→ **Activity**: Here, set down only the lines between the line that contains "Pregnant Dress Comfy" and the final line of the material, both included, exactly as written. Skip the pictures.

→ **Supplied material**:
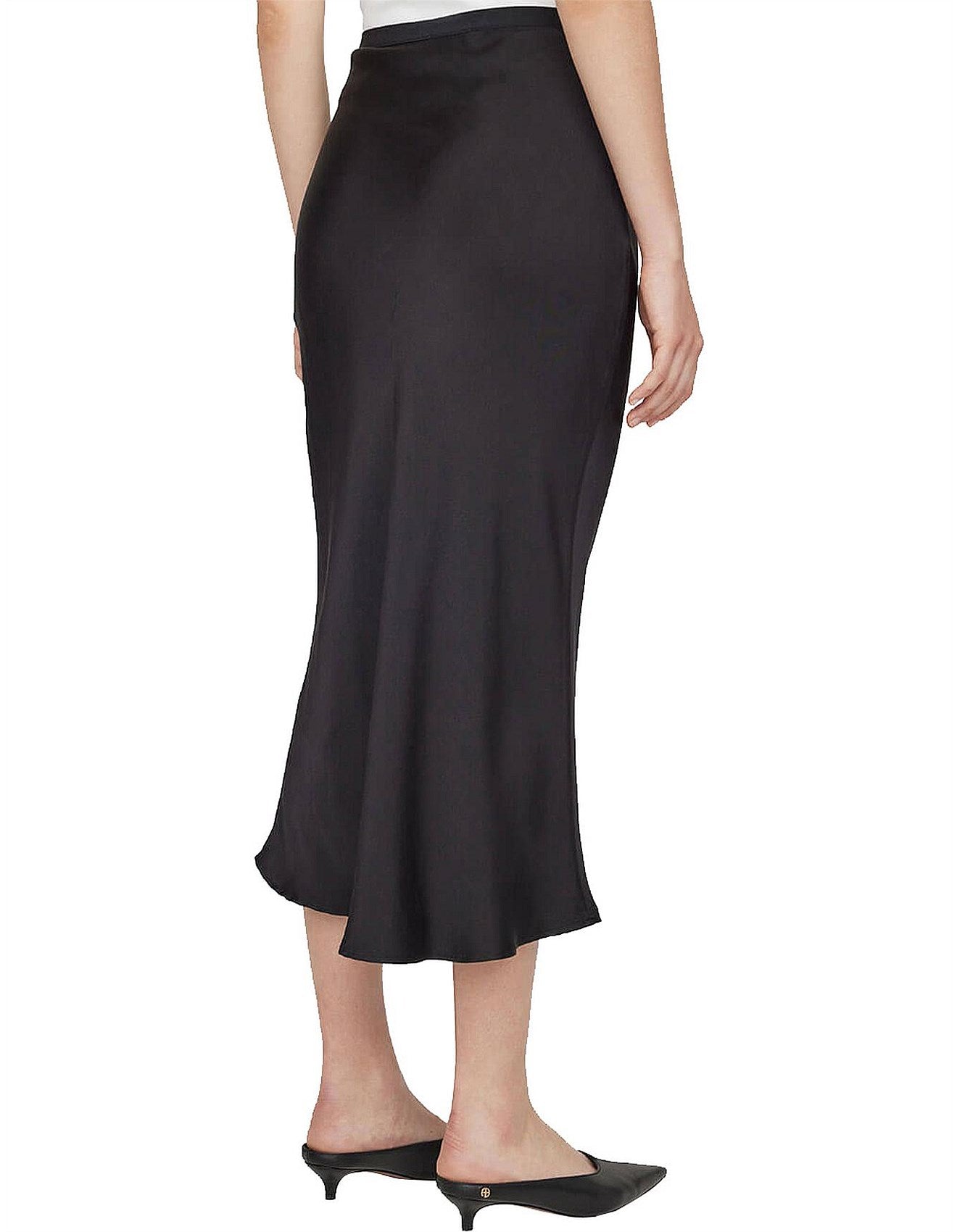 Bar Silk Skirt in Black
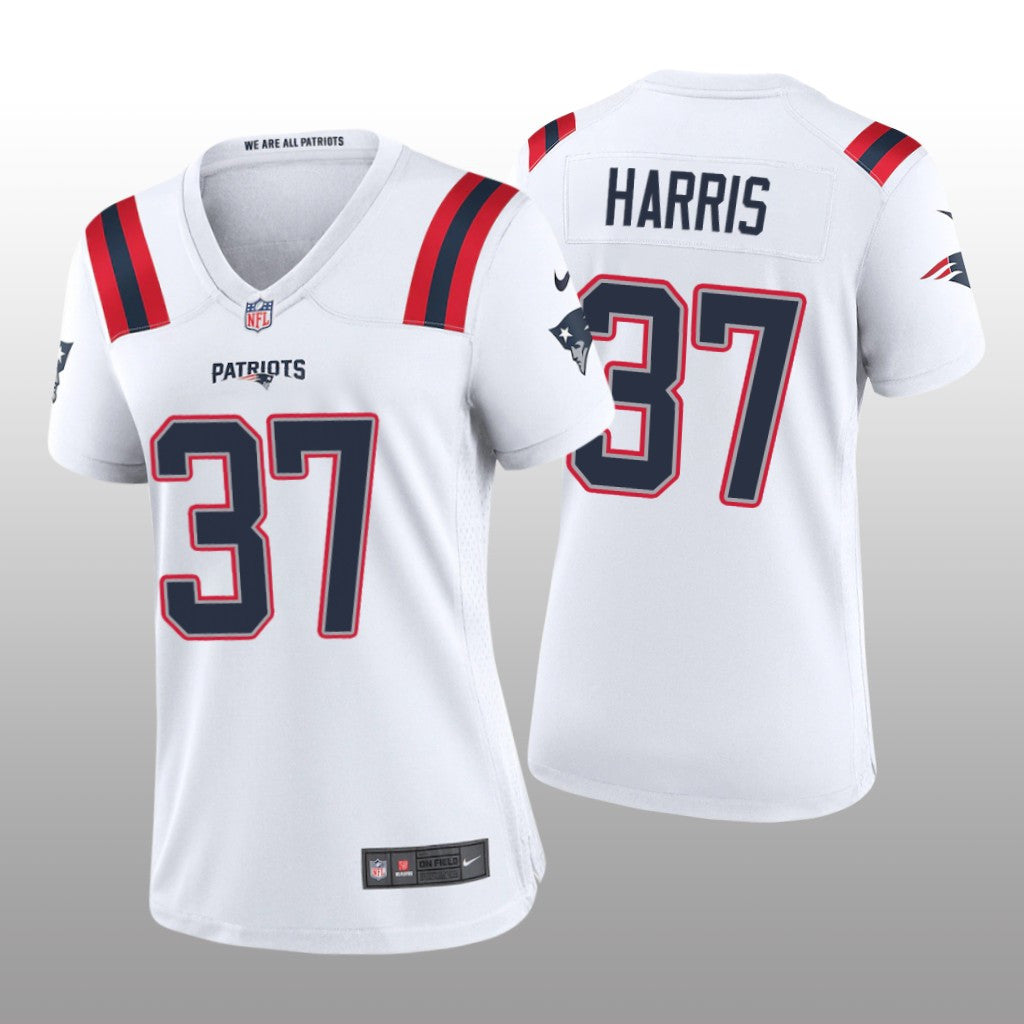 New England Patriots Damien Harris White Jersey Game Women's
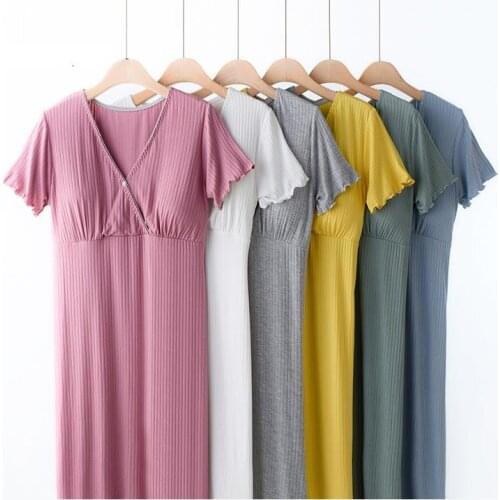 Pregnant Dress Comfy Modal Maternity Nightdress Breastfeeding Homewear For Pregnant Nightgown Pajamas Nursing Women Dresses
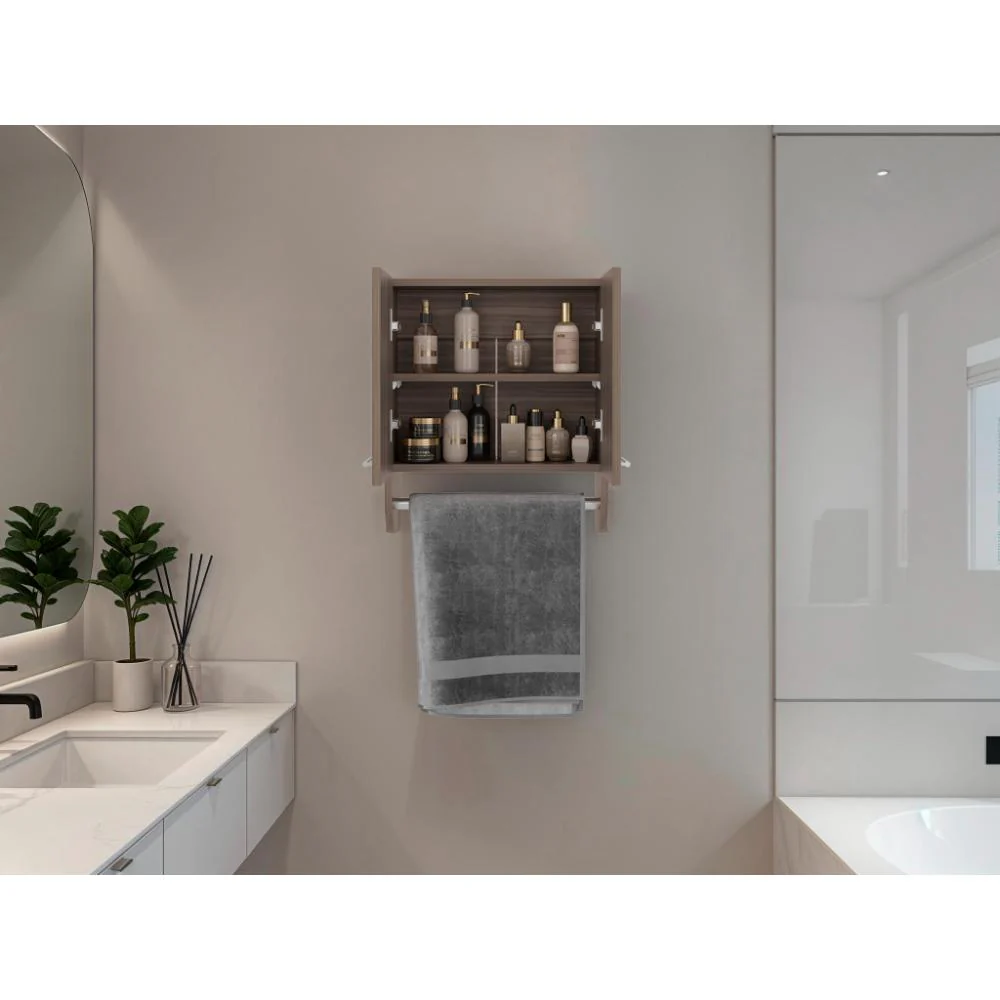Gabinete de Baño Lupek, Avellana, Con tubo y manija metálicas - Image 5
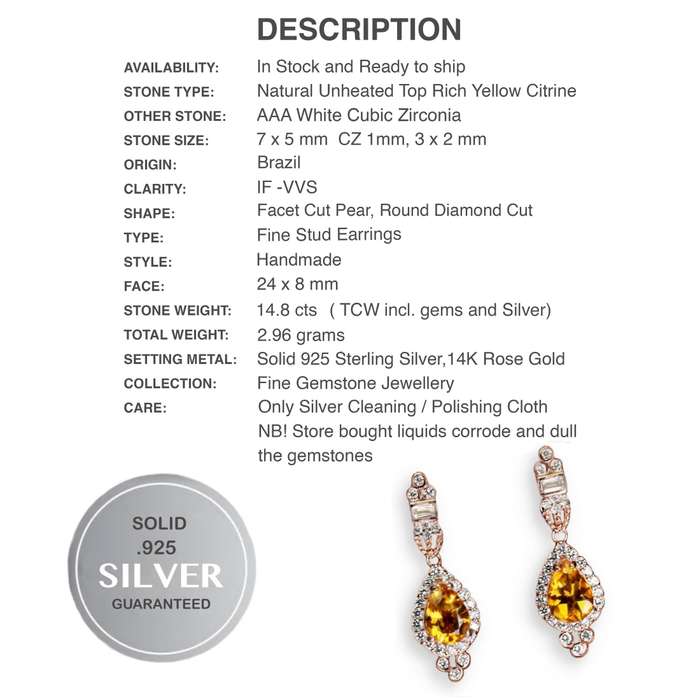 Natural Unheated Pear Citrine Gemstone  in Solid 925 Sterling Silver 14K Rose Gold Stud Earrings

→ **The completed task**:
 Pregnant Dress Comfy Modal Maternity Nightdress Breastfeeding Homewear For Pregnant Nightgown Pajamas Nursing Women Dresses
Gabinete de Baño Lupek, Avellana, Con tubo y manija metálicas - Image 5
 Natural Unheated Pear Citrine Gemstone  in Solid 925 Sterling Silver 14K Rose Gold Stud Earrings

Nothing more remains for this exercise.